Bonnie and Harry nearly stumbled over the little girl as she peered into the grass beside one of the pools filled by last night’s rain, and the memories of Bali slammed into both of them in the same instant. Not this time.

Bonnie’s fingers reached down swiftly and gathered a handful of fabric from the little girl’s jacket as a lifeline, and Harry was right beside her as they tried carefully not to startle the child or communicate the fear that had grabbed them both. Their eyes met. There was no way this poppet was falling in with them there.

Harry glanced around for the mother and suddenly in the still air she could hear a woman’s frantic call. ‘Leila?’

‘Pretty,’ said the little girl as she pointed to a lizard.

‘Yes, it is pretty,’ Bonnie said as she held out her hand. ‘But you need to bring Mummy when you come here.’ The little girl put her fingers in Bonnie’s.

‘Let’s find Mummy, Leila.’ Bonnie stood up and lifted the child into her arms as Harry cupped his hands over his mouth.

‘She’s here,’ Harry called out. Their eyes met, and she knew they were both thinking of another little girl. She looked away as sudden tears stung her eyes at the memory of near tragedy. That was the only reason for the tears.

‘She’s fine,’ Harry called out. ‘On the path beside the base. With the nurse.’

Leila’s mother burst from the bushes, her brow beaded with perspiration and the stress of dread, and Bonnie passed the little girl into her arms.

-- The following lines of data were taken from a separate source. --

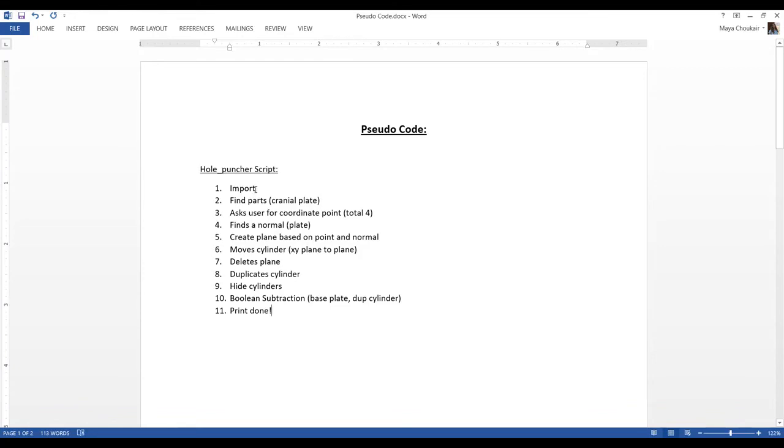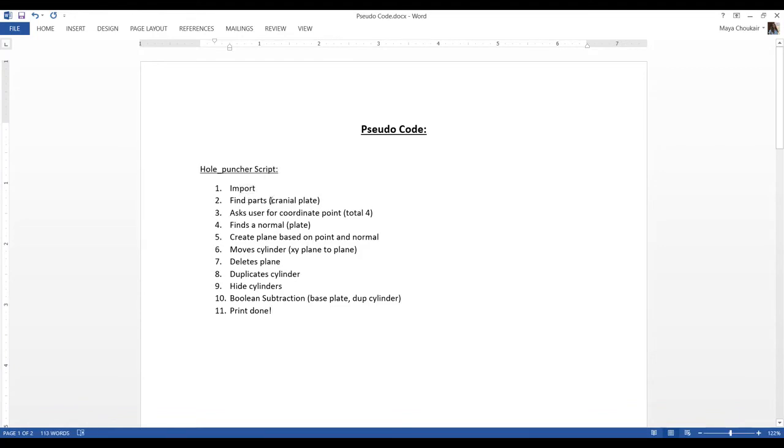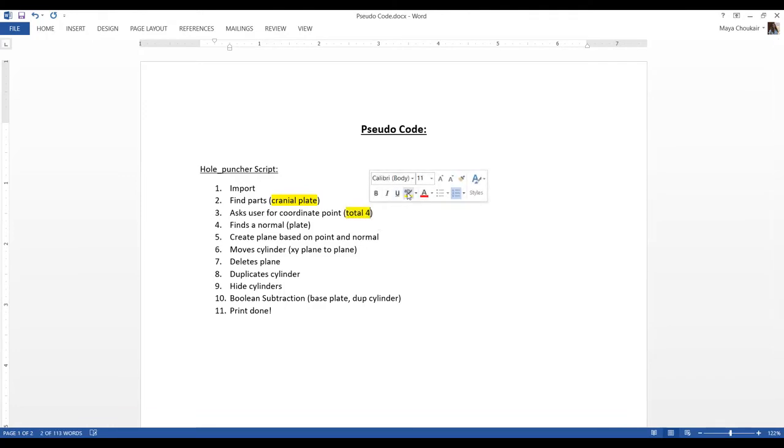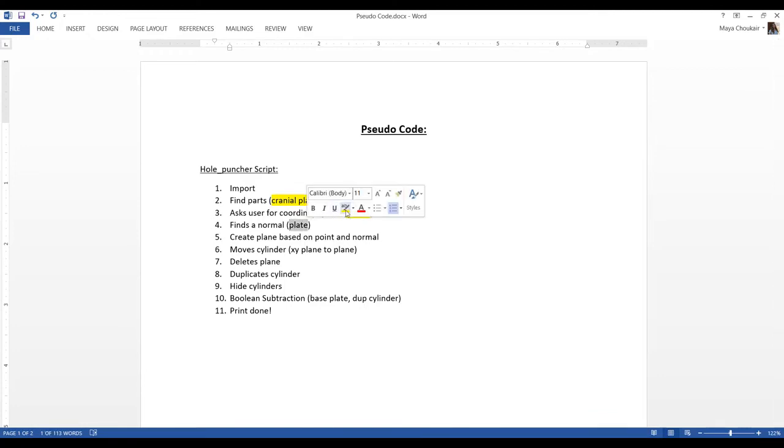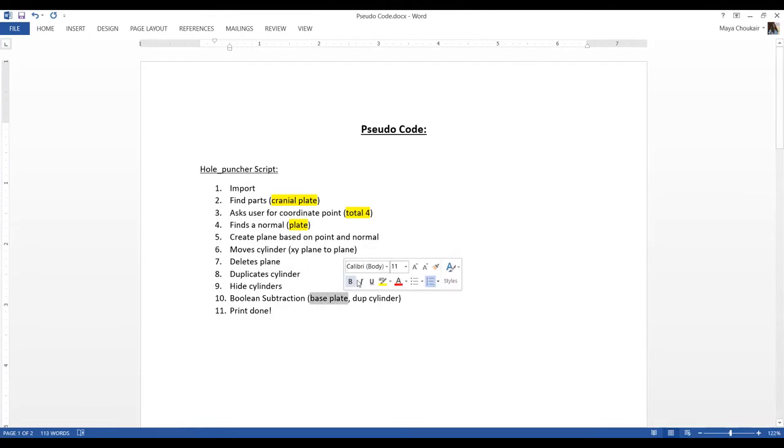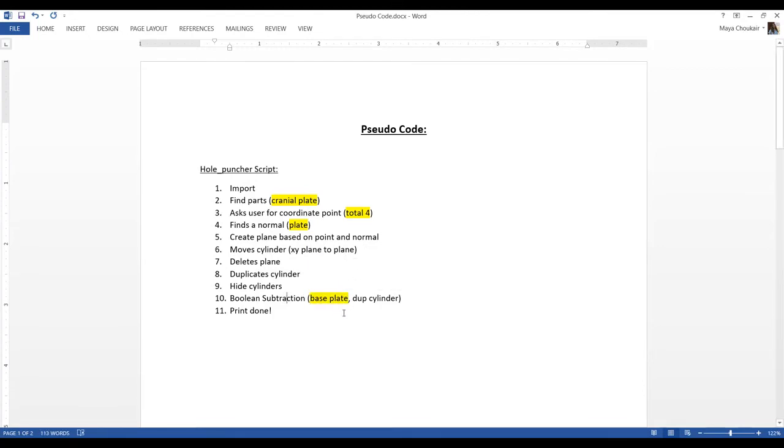Well, the first step, import, that's good. Finds the parts. I want it to find my mitral model. So we're going to need to make sure to change that step. For the number of points, I typically will need more than four points for my suturing. So let's say maybe six points here. Fits the normal to the plate, but we want it to our mitral model. And then everything else is good up until the boolean subtraction, where we need to subtract the model instead of the plate.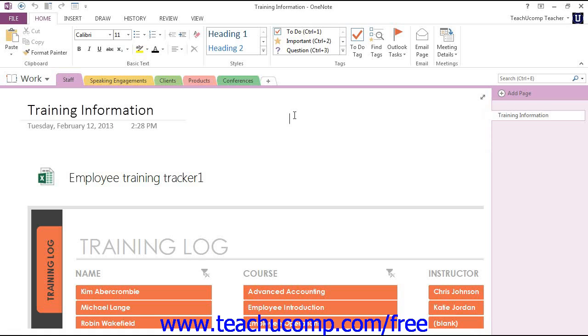Section groups appear in the notebook header along with other sections, but the icon looks like three small section tabs stacked upon one another.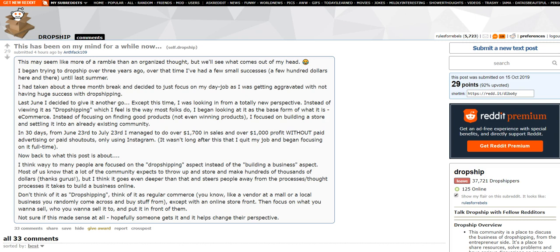either eventually that's a fad product and eventually it's going to kind of fall out of fashion or other people are going to see that you're having success with it. And other people are going to come in and either drive the price down to where nobody's making money or they're actually going to buy stock and buy inventory. And they're going to be able to provide better shipping times and a better customer experience and they're going to steal all your customers away.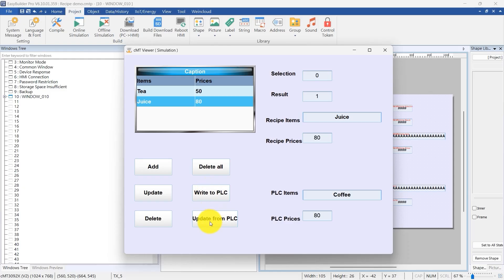Then select Update from PLC to pull those changes back into the recipe database. You'll see the recipe view update with the new values.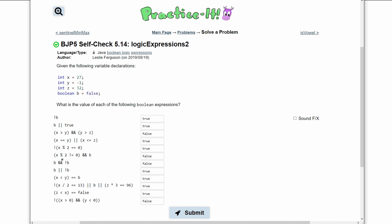For the next one, we have x modulus 2 not equal to 0. We take 27 modulus 2, which does not equal 0 — it equals 1, so this is true. And we have b, which is false. Since we have an and, both of these have to be true. Since b is false, we are going to have false as our answer.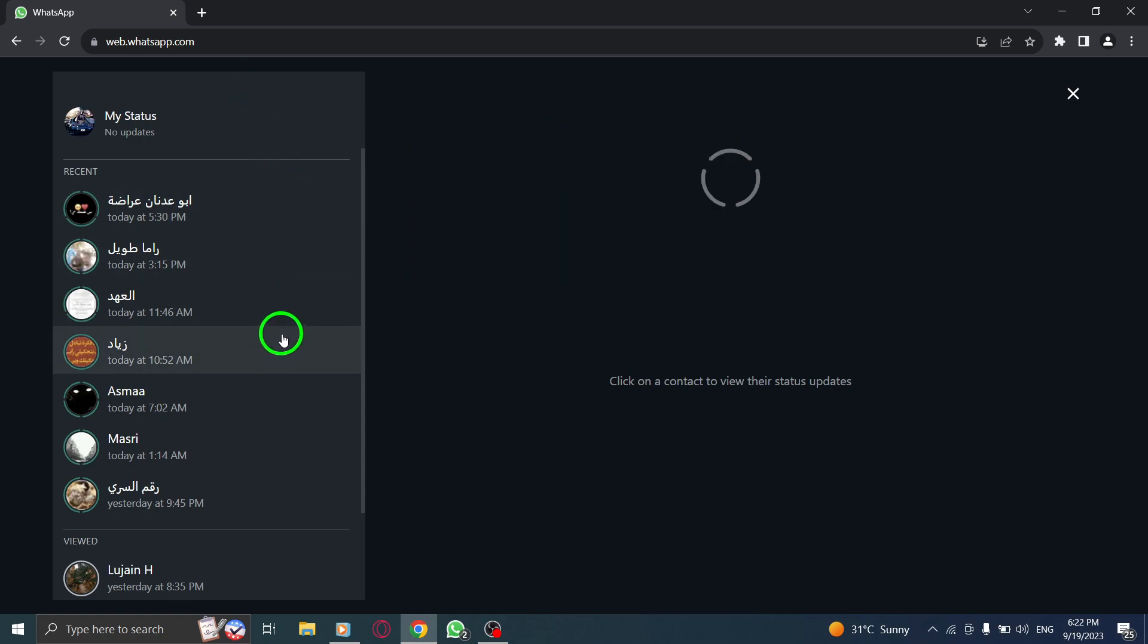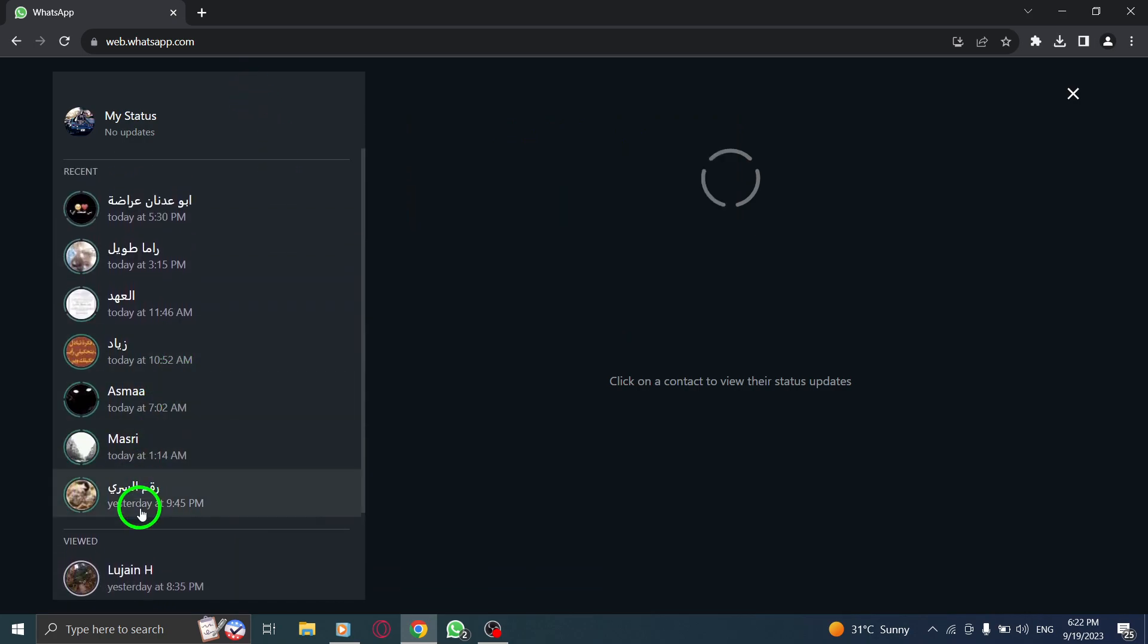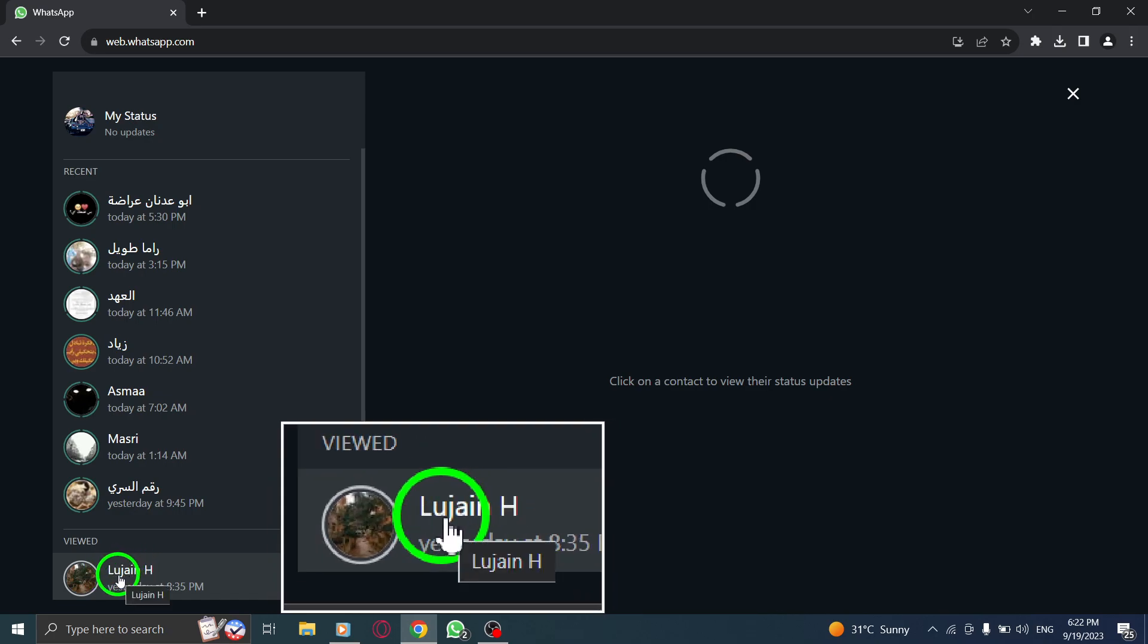Step 3. Scroll through the list of contacts and click on the desired contact to view their status update.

‘She was sitting beside the rock pool,’ Harry said.

The mother looked at both of them with such relief in her face Bonnie felt tears sting her eyes again. She could only imagine a mother’s fear.

‘Thank you. I don’t know how she got out but I’ll work it out before tomorrow.’ The woman clutched Leila to her chest. ‘Don’t do that, baby. You frightened Mumma.’ The woman looked at Bonnie again. ‘She slipped away while we made breakfast.’

Bonnie nodded. ‘They’re so quick, I know. She was watching the lizard over there, I think.’

‘So close to the pool.’ The mother shuddered. They all saw the lizard trundle off and Leila’s mum smiled at the reptile as if it was a friend. ‘That ngiyari can drink with his feet, you know. Water moves from his feet to his mouth along grooves in his skin. Very clever lizard. But my baby should not be here.’ The mother squeezed her daughter and the little girl wriggled with delight. ‘Thank you, both. Again.’

Bonnie glanced up at the sky and guessed sunrise would have taken place on the other side of the Rock by now. They’d have to go soon. ‘I’m Bonnie, the new nurse and midwife at the clinic, and this is Dr St Clair. Maybe we’ll meet again.’

‘I’m Shay. We’ll see you soon. My baby’s due for her needles.’

Bonnie grinned. ‘I’ll be gentle.’

When the mother had gone Bonnie and Harry walked another fifteen minutes around the base and tried to regain the peace of the Rock but it was gone. Lost in the memory of another child who’d nearly drowned and the lies of the man beside her, all Bonnie could think of
was the way Harry had almost left her to cope on her own. How he’d lied.